Recognizing I was raised by a racist
While my world was expanding to include a diverse mix of people and places far and wide, my father continued with his racist comments. I was scared not to laugh. He ruled the roost through intimidation, anger and icy silence. It didn’t take much for him to erupt in rage. I learned early on to dread those outbursts because it meant that someone would get screamed at – or worse.
My life changed when I moved to Toronto
I moved to Toronto to pursue a career as a journalist. I was exposed to so many people and things I had only read about in brochures and well-thumbed encyclopedias. I loved the mosques and synagogues, globally influenced cuisine and foreign languages I heard on the subway. And I tried curry and dim sum for the first time.
I drank it all in, trying to satisfying my insatiable thirst for fresh new experiences, knowledge and understanding.
Embracing other cultures
While working at an ad agency, I clicked with a co-worker named Mark, an East Indian guy who had immigrated to Canada as a young boy from Calcutta.
He had a wacky sense of humour that mirrored mine. He was so loving and warm. When he hugged me, parts of me melted and blossomed after living in a household where affection was rare.
Mark was passionate about the arts, good food and travel. He was – and still is – the friend who has had the greatest impact on the person I’ve become.
Trying to stand up to dad
More than 30 years later, my friendship with Mark and our love for each other is as strong as ever.
Early in our relationship, when I’d go to visit my parents, I would tell them excitedly about my new life in Toronto – the vibrant neighbourhoods, the new foods and meeting Mark, my closest friend. I showed my dad a photo of us attending Mark’s brother’s wedding.
All my dad could say was “Oh, a Paki.” I replied, “He’s not. He’s East Indian. And that word you just used is really racist. You shouldn’t be saying it.”
Then, with a laugh, he asked, “Does that mean he has a push start or a pull start?” I had heard these types of comments before. “If your ‘push start’ refers to the red marks put on your forehead, then no,” I said. “That’s only for Hindu women. And if your ‘pull start’ dig refers to turbans, those are mainly worn by Sikhs in India. Mark is not a Sikh.”

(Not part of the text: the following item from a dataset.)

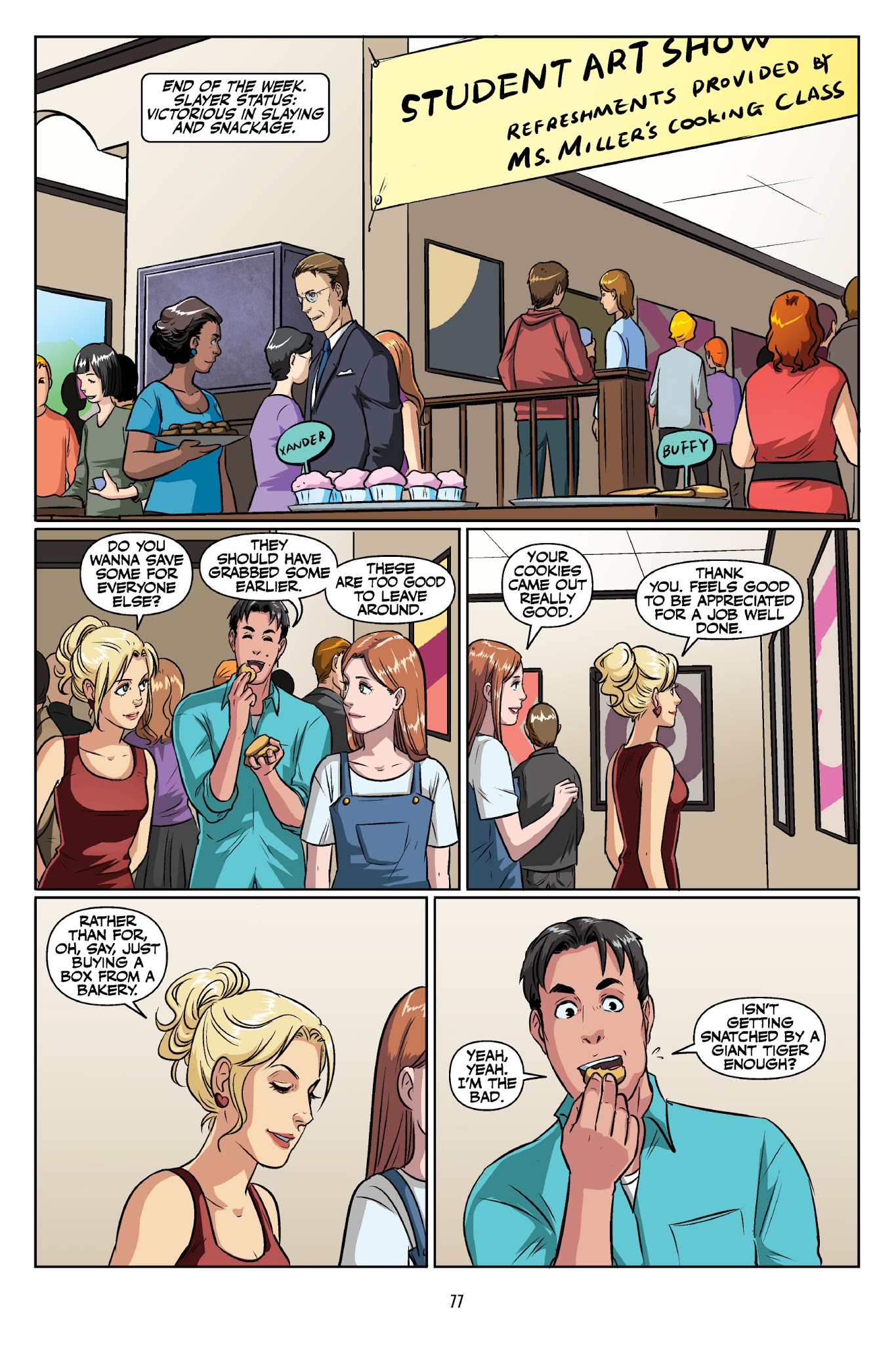 Read online Buffy: The High School Years comic -  Issue # TPB 2 - 77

I knew I couldn’t argue with him or get him to acknowledge his own racism. My dad always bought into his own perceptions, and that wasn’t going to change. I just got up and walked away, tears welling in my eyes. I think my hurt amused him. He enjoyed pushing people once he knew what would make them upset.
Keeping my travels sacred
Eventually, I stopped talking to my dad at all about my friends of various ethnicities. I no longer shared details about my travels, venturing to more than 70 countries at last count. I don’t give him a chance to belittle my experiences.
I’ve been travelling around the world for more than two decades, and I’ve spent a lot of time going across Canada, too. I love that this country is home to so many different cultures. I love that we still welcome refugees and immigrants into our mix with open arms while others talk of building walls between countries. I’m a proud Canadian, and travelling strengthens that pride on a regular basis.
I have no desire to live anywhere else, yet I still have the desire to keep exploring with the same sense of wonder and curiosity about people and cultures that began as a child – one who was keen to learn and understand, not to hate and isolate.
It’s the gift that comes with freeing myself from being raised by a racist.